Asked why he and the first lady have not led a national campaign to address that issue, the President countered that he has continually talked about solutions—citing such strategies as urging “men to take responsibility for their children,” “pay child support,” and “spend time with their children” and encouraging young people to “delay gratification.”
In this litany of responses to the crisis, the “M” word was notably absent: The President failed to make the connection between the plummeting rates of marriage, which have reached an all-time low, and the surge in out-of-wedlock births.
Being born into a home without the love, support, and guidance of both a father and mother has real-world impact on a child’s prospects for the future.

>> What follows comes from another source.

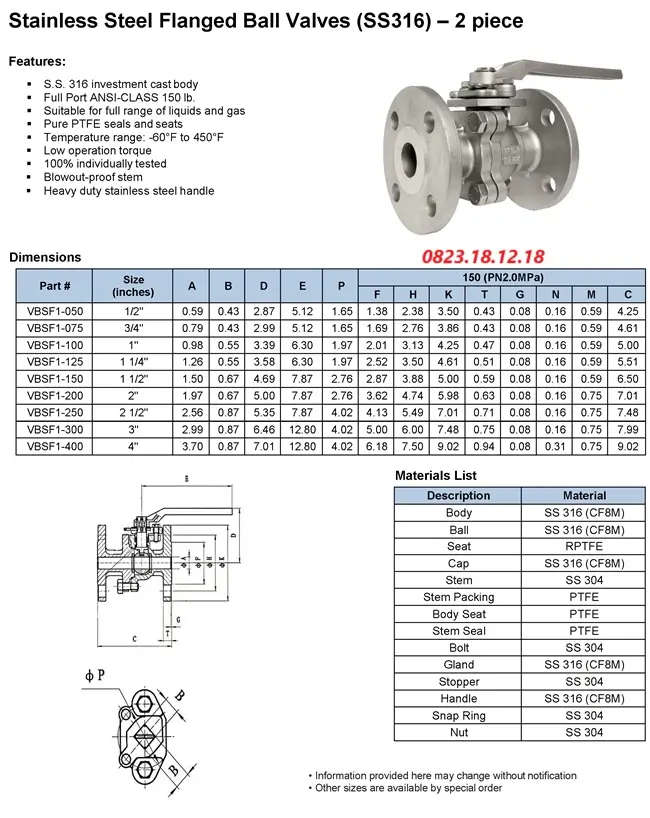 Van bi inox 316 7 Catalogue van bi inox 316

Marriage drops the childhood poverty rate by 82 percent. Without the benefits of an intact family, children tend to fare worse on a wide range of economic measures as well as a host of other factors related to their well-being. In their teens, they are more likely to engage in high-risk behaviors such as becoming sexually active, engaging in substance abuse, and exhibiting anti-social behavior. They tend to fare worse on emotional and psychological outcomes and have lower levels of academic achievement and educational attainment. Moreover, their chances of one day marrying and starting their own families on a stable foundation are dim, and the cycle of disadvantage continues in the next generation.
Although these disadvantages include a financial element, the benefit of an intact family goes beyond income. Research has shown that fathers and mothers bring distinct resources to their children’s lives. No amount of government assistance and benefits can ever fill the gap that a father’s absence leaves in a child’s life.
As our nation celebrates National Marriage Week, the shocking rates of births outside marriage should be addressed. And key to reducing those rates and increasing the likelihood that each child comes into this world with optimum opportunities and prospects for the future is to promote marriage and intact, healthy families through initiatives in both cultural and policy arenas.